[What to do]
The entries below contain pictures, which are to be left out; write out exactly, and only, the lines from the line with "YPC YMF20-4. Reihenleiste (4-fach) für YSV20" up to and including the line with "Vendo apartamento en".

[Record set]
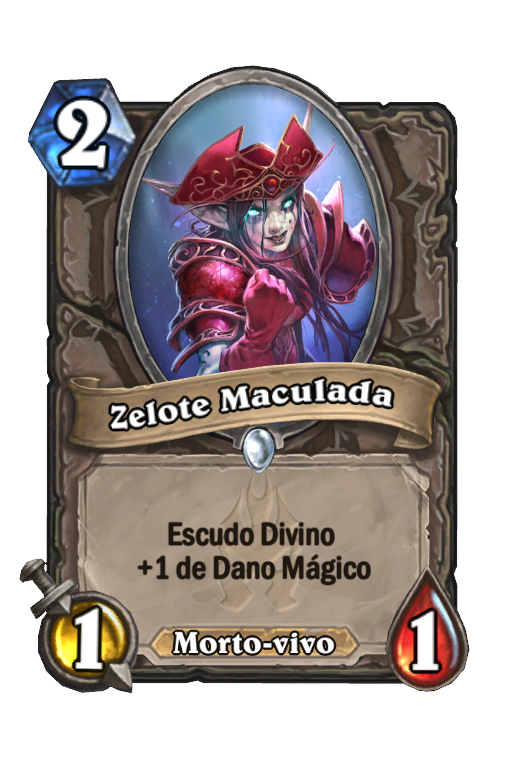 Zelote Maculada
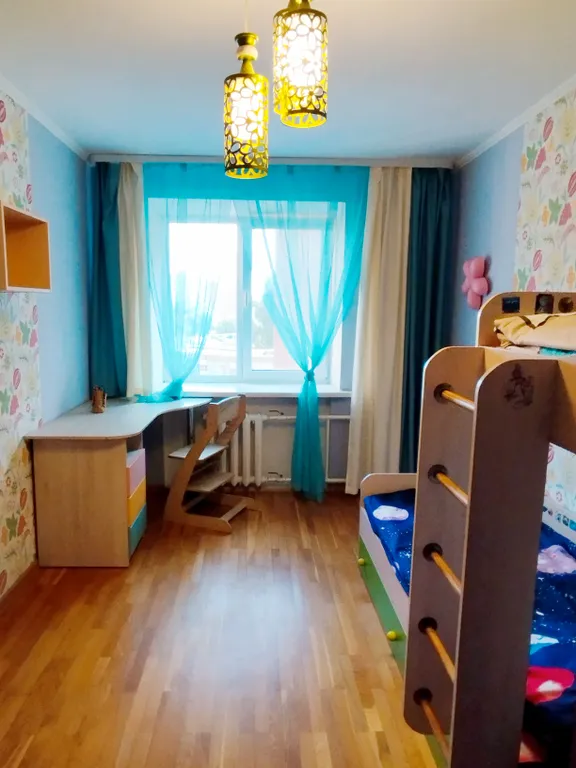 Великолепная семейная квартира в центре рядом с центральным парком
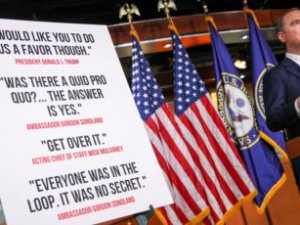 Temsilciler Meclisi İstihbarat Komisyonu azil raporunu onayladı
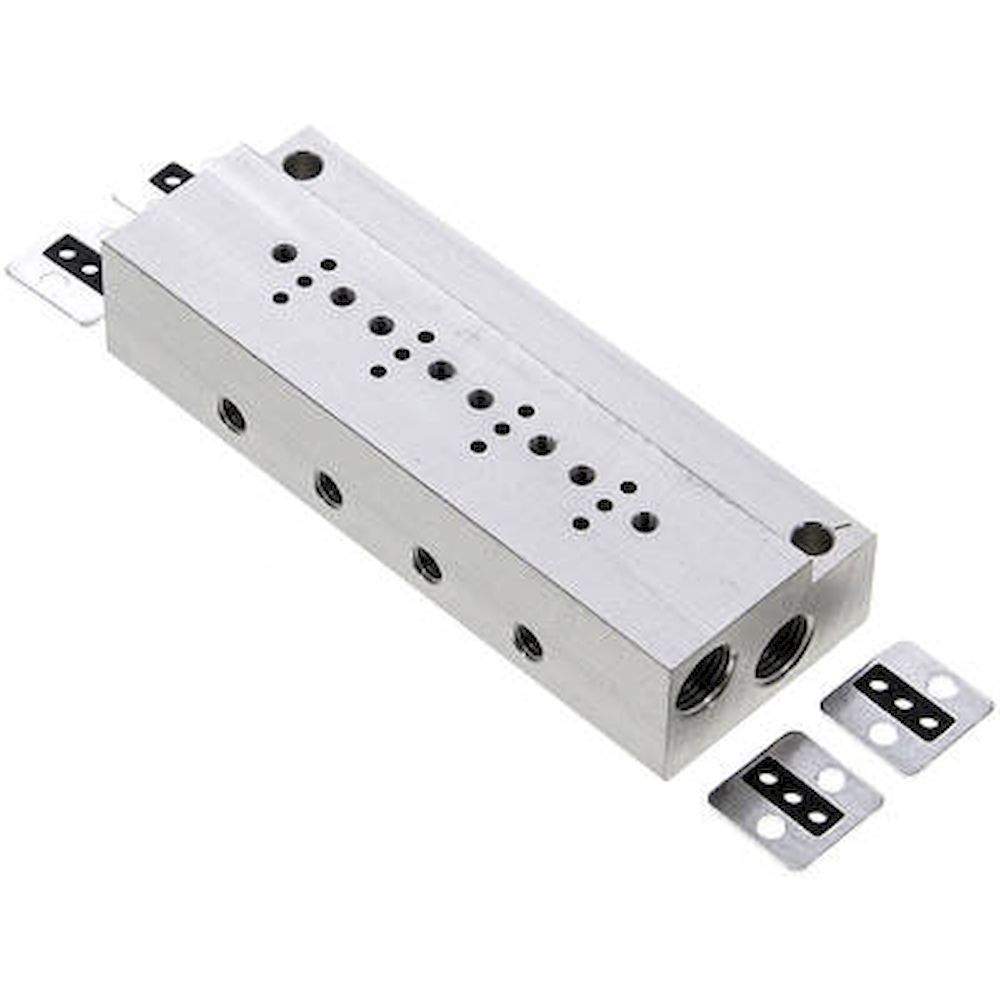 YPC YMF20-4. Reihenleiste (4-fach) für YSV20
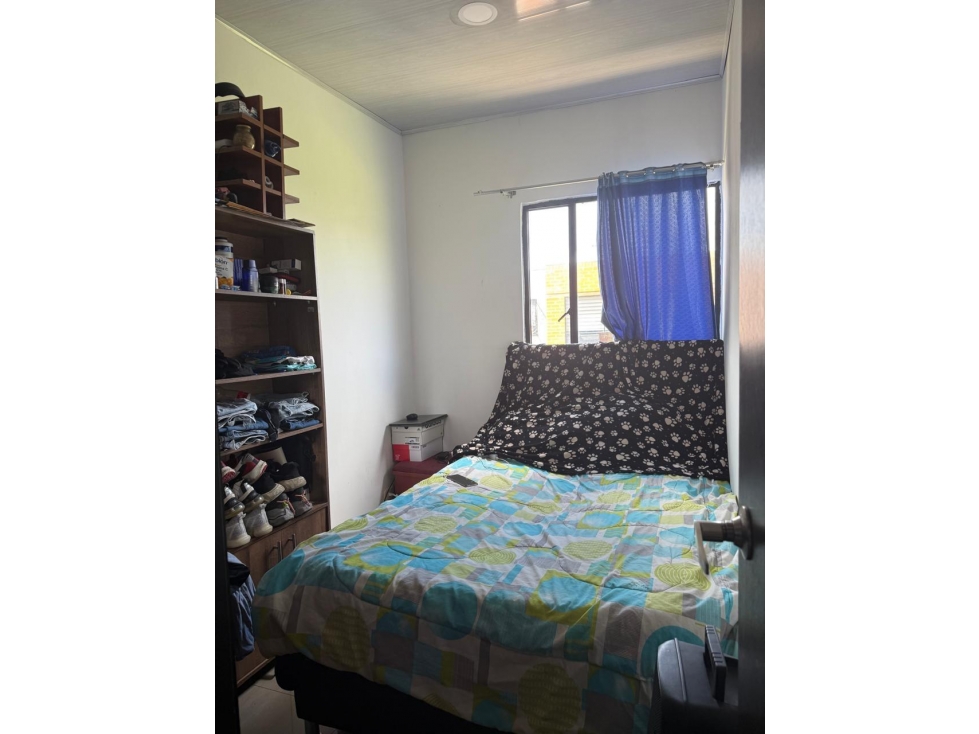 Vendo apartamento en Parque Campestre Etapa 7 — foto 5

---

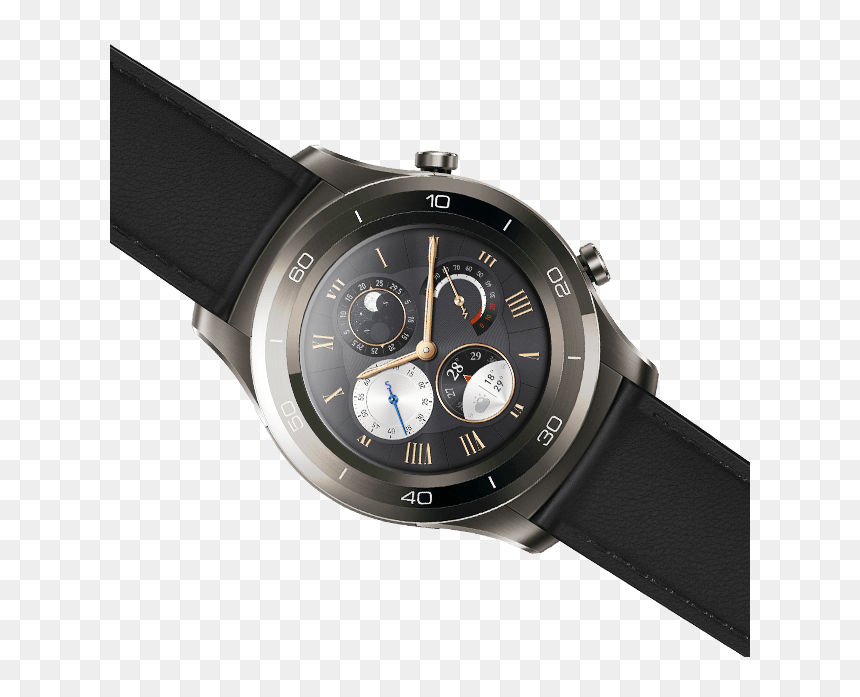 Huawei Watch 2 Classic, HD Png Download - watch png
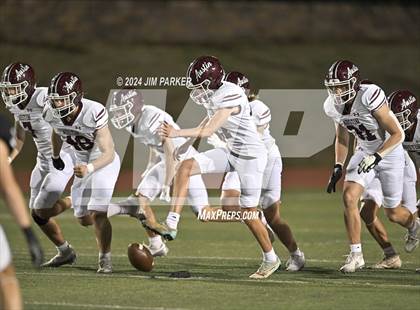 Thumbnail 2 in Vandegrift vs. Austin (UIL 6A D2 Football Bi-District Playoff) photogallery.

[Answer to this exercise]
 YPC YMF20-4. Reihenleiste (4-fach) für YSV20
 Vendo apartamento en Parque Campestre Etapa 7 — foto 5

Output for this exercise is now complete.